THE introduction of a strategy and policies to manage thousands of volunteers helping to maintain council services should not “frighten away” potential recruits, a meeting has heard.

North Yorkshire County Council’s executive was told while the authority had attracted 6,300 volunteers to ensure key and popular services are maintained in the face of dwindling Government funding, it had become evident the council’s inconsistent approach towards unpaid helpers needed to end.

The authority’s leading members heard setting out clear policies on operational issues such as expenses and training was essential to ensure volunteers were correctly valued and fairly supported.

Neil Irving, the council’s assistant director of policy, partnerships and communities, said volunteers and officers who coordinate the volunteers had helped shape the strategy, which will ensure “the management and support of volunteers is optimised for the benefit of both the authority and the volunteers”.

He told the meeting the strategy and policies being launched should also be used as a blueprint for partner organisations which contribute to the council’s service delivery, for example the 1,700 volunteers in community and hybrid libraries and 3,300 school governors.

Mr Irving said while developing the strategy the council received “lots of positive messages from our volunteers and lots of good practice they saw, but they also recognised some inconsistencies with reinventing the wheel across the council”.

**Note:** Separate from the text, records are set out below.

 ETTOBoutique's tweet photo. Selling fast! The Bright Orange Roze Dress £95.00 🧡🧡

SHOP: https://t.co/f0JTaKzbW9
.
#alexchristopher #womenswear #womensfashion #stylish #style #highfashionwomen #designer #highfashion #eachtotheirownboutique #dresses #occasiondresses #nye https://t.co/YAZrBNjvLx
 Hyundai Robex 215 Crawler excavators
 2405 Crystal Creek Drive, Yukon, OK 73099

He added: “What also came out very clearly was that many of our volunteers are interested in doing more than just the individual opportunity what they signed up for, so the fact that up until today we have been seen as individual services has not helped that process.”

Councillor Derek Bastiman asked whether the introduction of a strategy and policies by the council had caused a drop-off in volunteers because there were concerns it could “frighten people off”.

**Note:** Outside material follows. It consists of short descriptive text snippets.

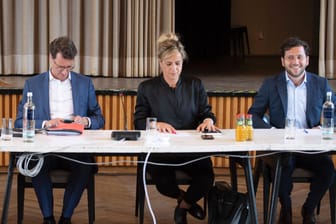 Hendrik Wüst (l.), Mona Neubaur (m.) und Felix Banaszak (r.) während der Sondierungsarbeiten (Archivbild): In NRW wird eine schwarz-grüne Koalition angestrebt.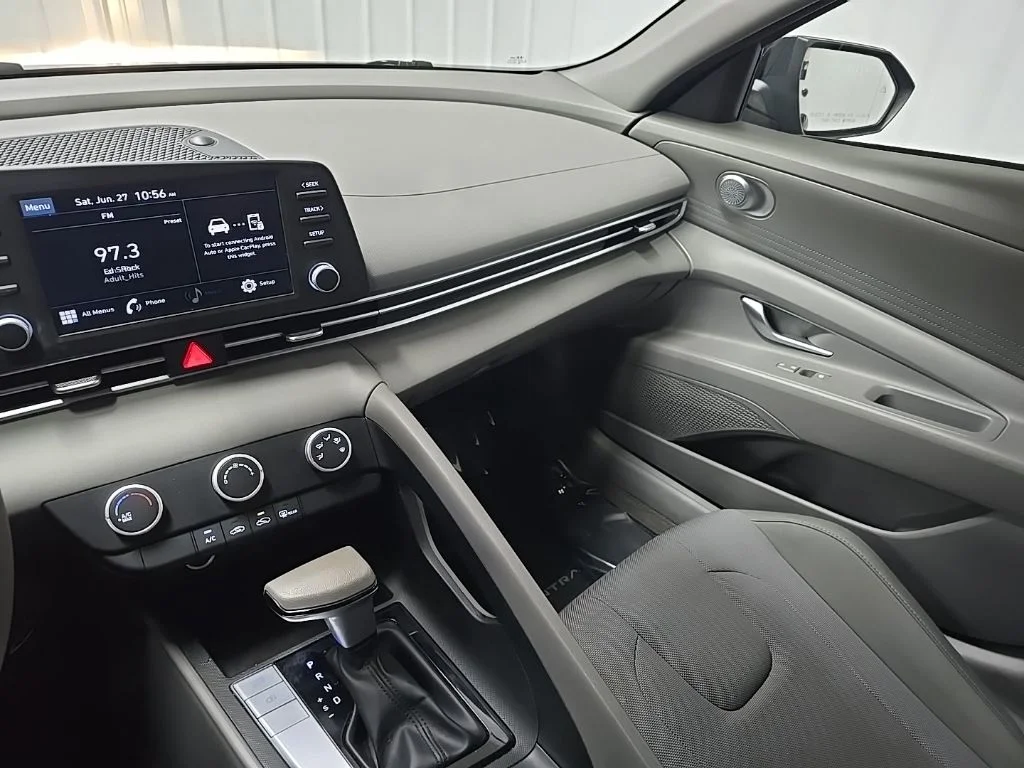 Used 2022 Black Hyundai SE image 25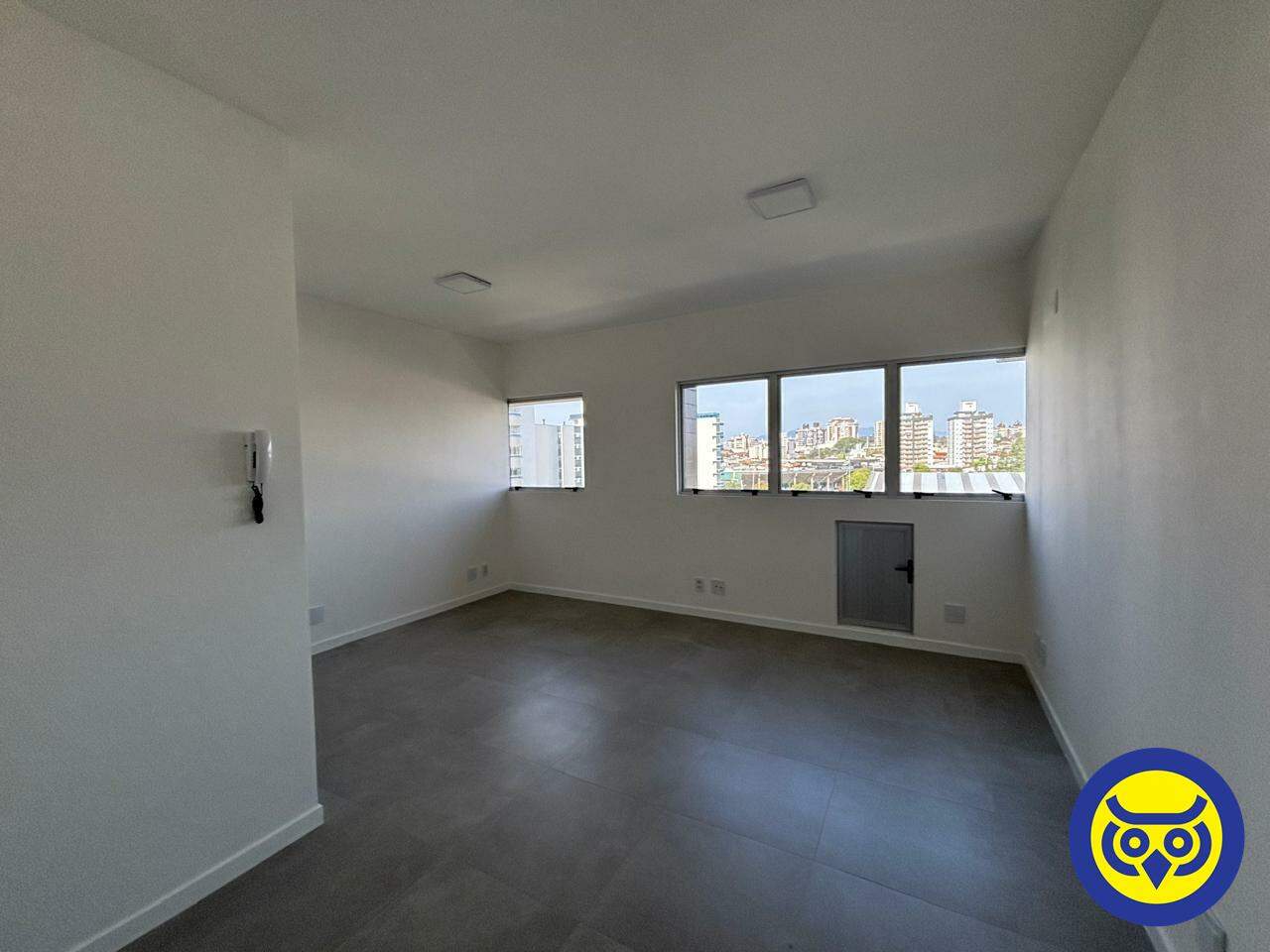 Salas/Conjuntos para aluguel no Balneário: 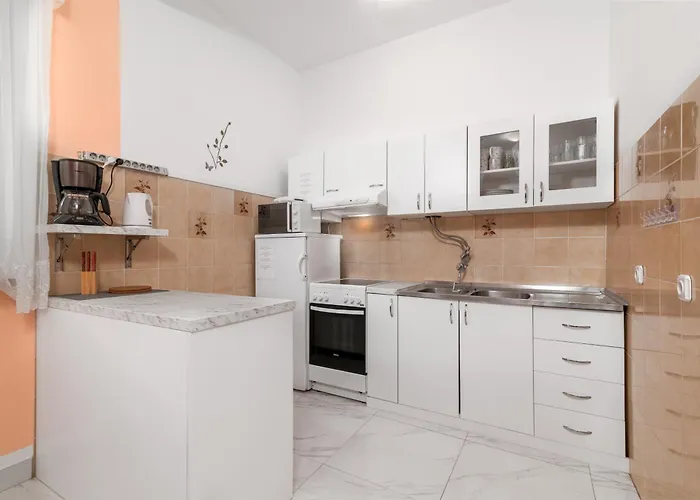 Family-friendly With Swimming Pool Cancini - - 24335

Mr Irving replied: “What we have actually seen through the project and better marketing a definite increase in the number of people inquiring about volunteering with the council. For example, the improved information on our website produced a very dramatic increase, which we are very pleased about.

“I hope having a strategy and clearer policies won’t put people off. I think inevitably there might be some people if circumstances change slightly, but we are not going to the lowest common denominator, we are trying to set out some principles and where there are costs and support involved, push them as close to we can as those we offer staff, recognising it is not an employment situation.”